Now, back to the API, head to the Test tab and confirm you can issue queries and/or mutations to your Fabric data via GraphQL:
Testing the successful connection between APIM and Fabric GraphQL
Caching
APIs and operations in API Management can be configured with response caching. Response caching can significantly reduce latency for API callers and backend load for API providers. APIM has support for built-in caching, or you can choose to use your own Redis instance. In either case, you need to define your caching policy. Here we have the previous policy amended with a simple caching configuration that would work for most scenarios:
<policies>
<inbound>
<base />
<authentication-managed-identity
resource="https://analysis.windows.net/powerbi/api"
client-id="MANAGED IDENTITY CLIENT ID GOES HERE"
output-token-variable-name="token-variable"
ignore-error="false" />
<set-header name="Authorization" exists-action="override">
<value>@("Bearer " + (string)context.Variables["token-variable"])</value>
</set-header>
<cache-lookup-value
key="@(context.Request.Body.As<String>(preserveContent: true))"
variable-name="cachedResponse"
default-value="not_exists" />
</inbound>
<!-- Control if and how the requests are forwarded to services -->
<backend>
<choose>
<when condition="@(context.Variables.GetValueOrDefault<string>("cachedResponse") == "not_exists")">
<forward-request />
</when>
</choose>
</backend>
<!-- Customize the responses -->
<outbound>
<base />
<choose>
<when condition="@(context.Variables.GetValueOrDefault<string>("cachedResponse") != "not_exists")">
<set-body>@(context.Variables.GetValueOrDefault<string>("cachedResponse"))</set-body>
</when>
<when condition="@((context.Response.StatusCode == 200) && (context.Variables.GetValueOrDefault<string>("cachedResponse") == "not_exists"))">
<cache-store-value key="@(context.Request.Body.As<String>(preserveContent: true))" value="@(context.Response.Body.As<string>(preserveContent: true))" duration="60" />
</when>
</choose>
</outbound>
<!-- Handle exceptions and customize error responses -->
<on-error>
<base />
</on-error>
</policies>
You can confirm the requests are getting cached by tracing a GraphQL API query or mutation in the APIM portal:
For advanced caching scenarios, please refer to the APIM documentation on caching.
Rate limiting
You can limit the number of API calls a client can make in a specific time period. Here’s a sample rate limiting policy entry you can add below <inbound><base/> that enforces no more than 2 calls every 60 seconds for a given user:
<rate-limit-by-key
calls="2"
renewal-period="60"
counter-key="@(context.Request.Headers.GetValueOrDefault("Authorization"))"

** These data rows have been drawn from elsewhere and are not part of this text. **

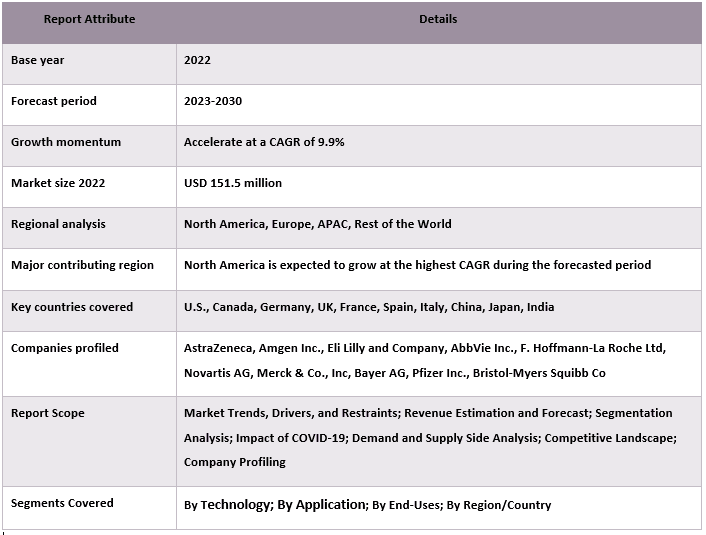 Intratumoral Cancer Therapies Market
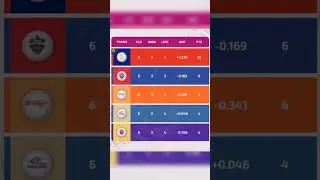 📊 WPL 2026 Points Table Update After Delhi vs RCB Today!🔥#Cricket#Shorts#Viral#Wpl2026#cricketnews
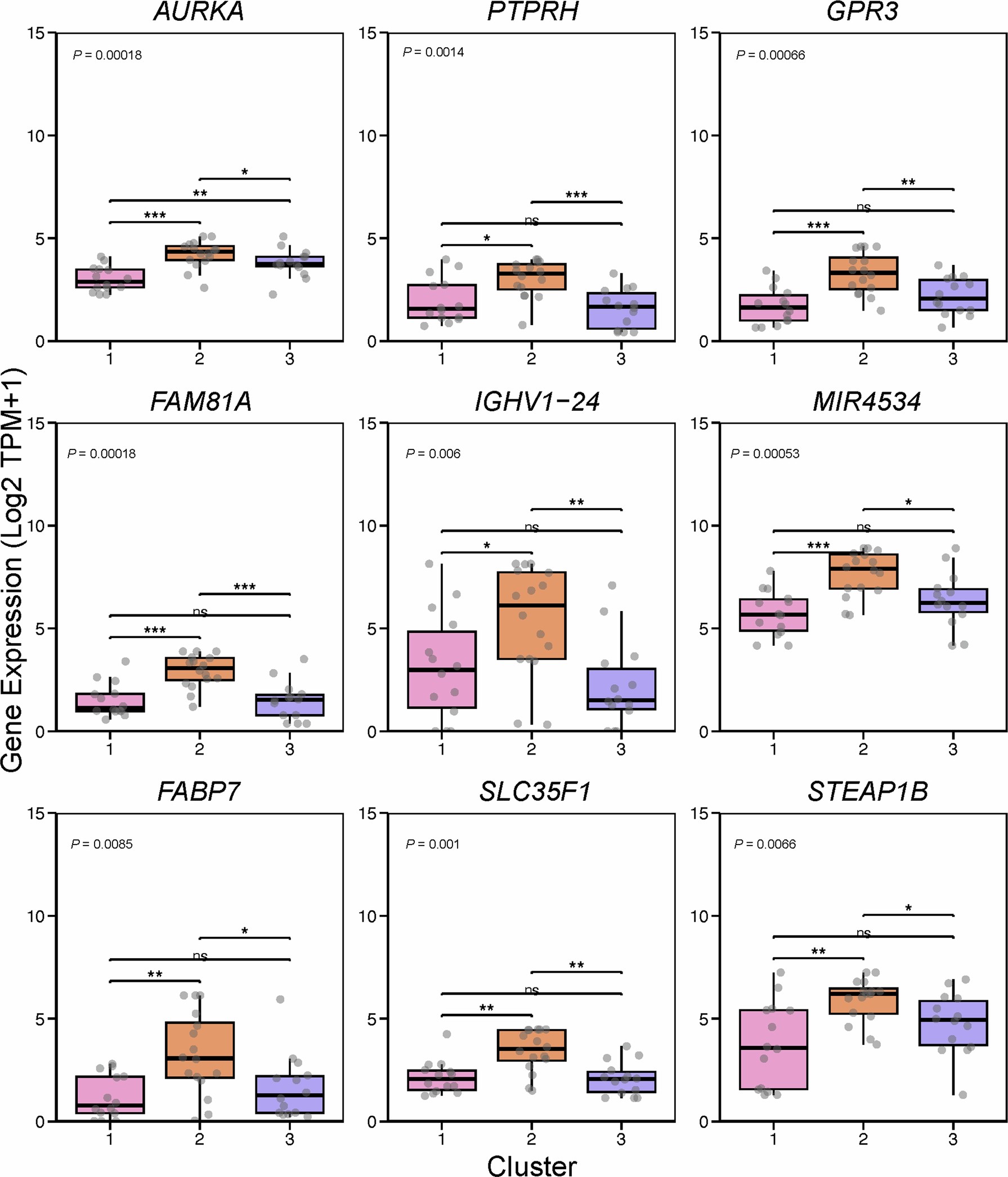 Extended Data Fig. 8: Gene expression for a selection of genes found associated to Cluster 2.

increment-condition="@(context.Response.StatusCode == 200)"
remaining-calls-variable-name="remainingCallsPerUser" />
After sending more than 2 API calls in a minute, you’ll receive an error message:
{
"statusCode": 429,
"message": "Rate limit is exceeded. Try again in 58 seconds."
}
For more details on how to configure rate limiting policies in APIM, please refer to the documentation.
Integrating Microsoft Fabric API for GraphQL with Azure API Management brings together the best of both worlds: the rich data capabilities of Fabric and the enterprise-grade gateway features of APIM. By configuring managed identities, you enable secure authentication to Fabric. With custom caching and rate limiting policies, you gain fine-grained control over performance, cost, and user experience—tailored for the unique characteristics of GraphQL APIs.
This setup not only provides more options to secure your Fabric data but also provides the scalability and observability required to support production workloads across teams and tenants.